Running SSI using Rubin pipelines (move this)

Running SSI using Rubin pipelines (move this)#

Owners: PatriciaLarsen @plarsen
Last Verifed to Run: 2024-06-04 (by @plarsen)

This notebook will show you how to run the Rubin Observatory’s pipeline tools on NERSC. We do this using synthetic source injection as an example, however note that the analysis tools framework discussed in the last tutorial can also be run in this way.

Learning objectives:

After going through this notebook, you should be able to:

Run up-to-date Rubin pipelines on data at NERSC

Important Notes:

This document is here in case we have access to small amounts of the full dataset on nersc for testing purposes, we do not expect the full dataset to be transferred over
While these instructions will be up-to-date, no assumptions should be made about the availability of data or the ability to run the pipelines on outdated data.

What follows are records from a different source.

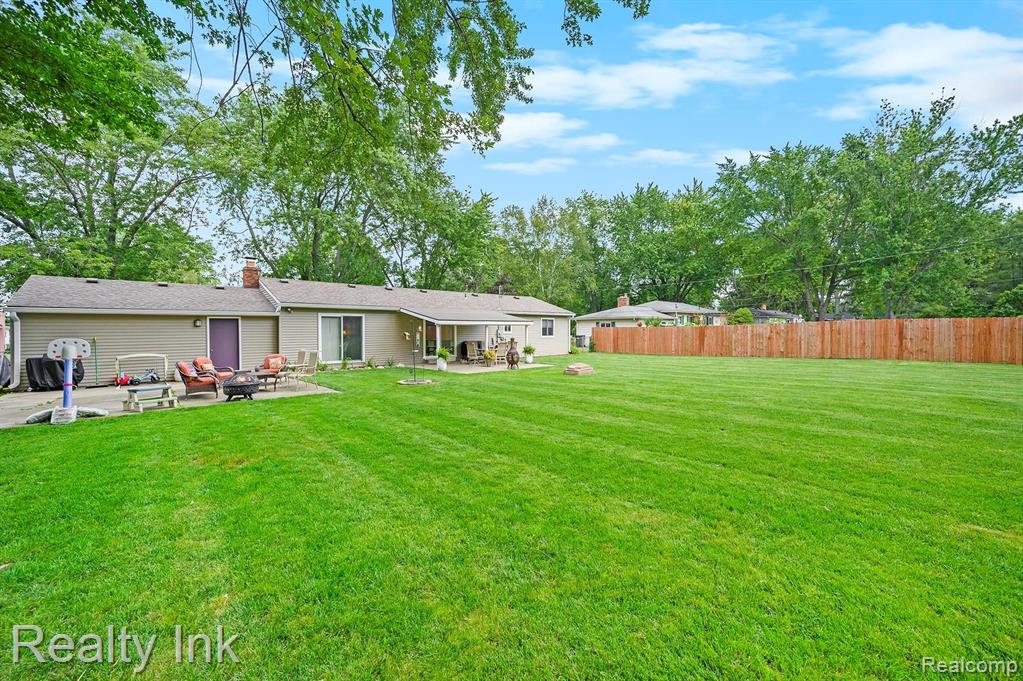 61803 Rambling Way South Lyon, MI 48178 - Photo 23 of 27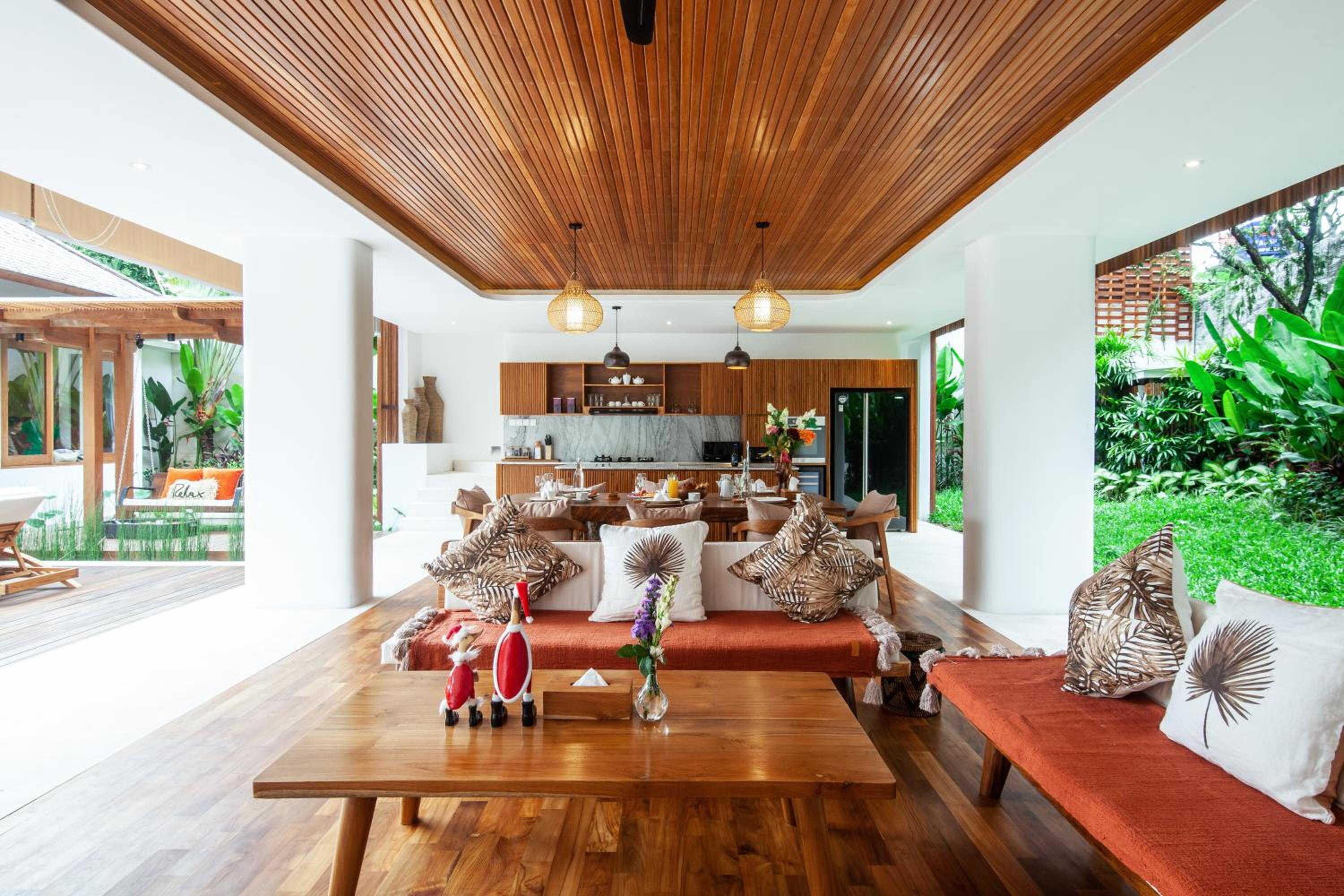 Payapaya Seminyak luxury vila 4 BR near beach potato head
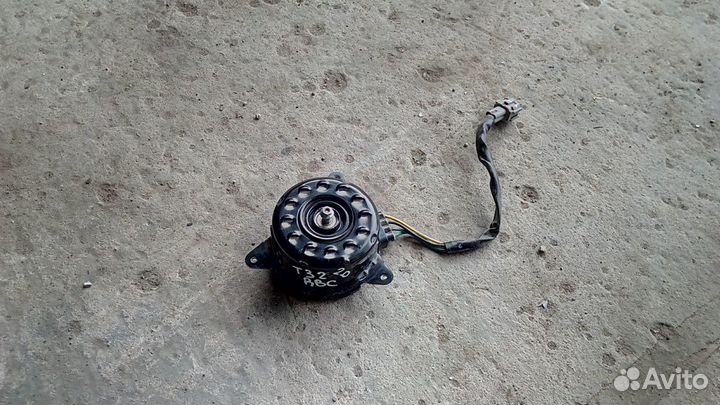 Мотор вентилятора охлаждения Nissan X-Trail T32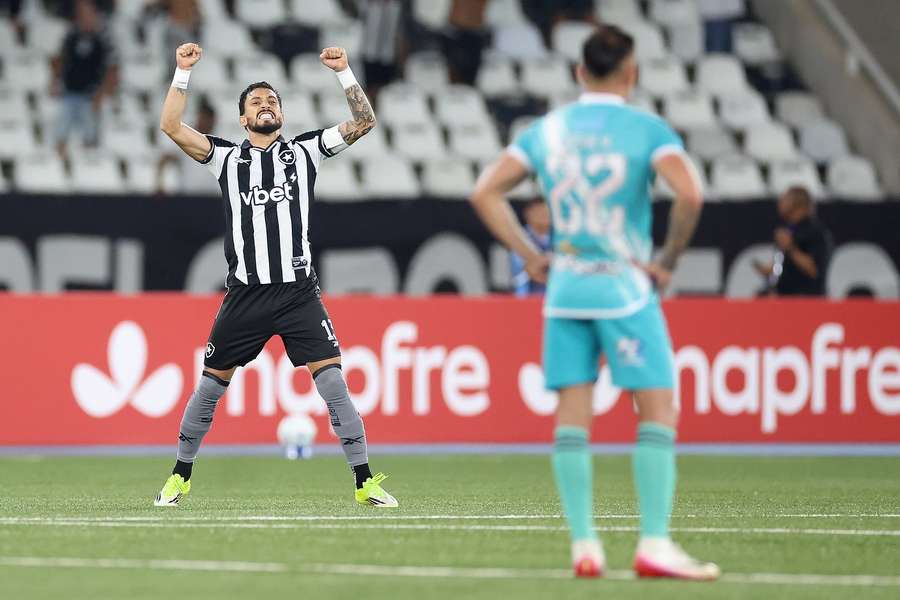 Alex Telles abriu o caminho da virada do Botafogo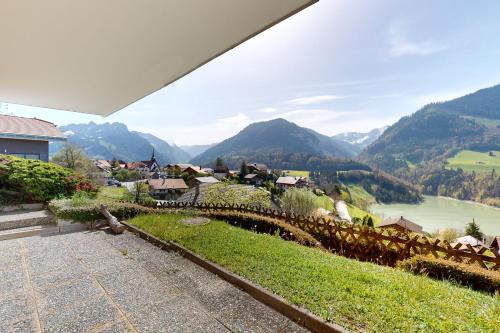 Ferienchalet Seeblick in Cresuz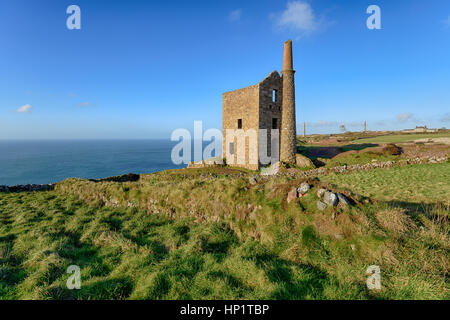 Blue Skies over Wheal Owles, un motore della Cornovaglia Casa di Botallack vicino Land's End in Cornovaglia Foto Stock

Logistics: This notebook is intended to be run through the JupyterHub NERSC interface available here: https://jupyter.nersc.gov. To setup your NERSC environment, please follow the instructions available here: https://confluence.slac.stanford.edu/display/LSSTDESC/Using+Jupyter+at+NERSC

Kernel: Please use desc-stack-weekly-latest for this tutorial

Configuration steps#

The butler-based data we have on NERSC currently is detailed on this page (search for Data & Computing Resources if the URL doesn’t load): https://confluence.slac.stanford.edu/pages/viewpage.action?pageId=437946872

Currently this includes DC2 data, some reprocessing tests and Roman-Rubin data. If you need to use the DC2 data you will need to follow the instructions here: https://confluence.slac.stanford.edu/display/LSSTDESC/DC2+Data+with+the+Gen3+Butler, including getting permission to access the data.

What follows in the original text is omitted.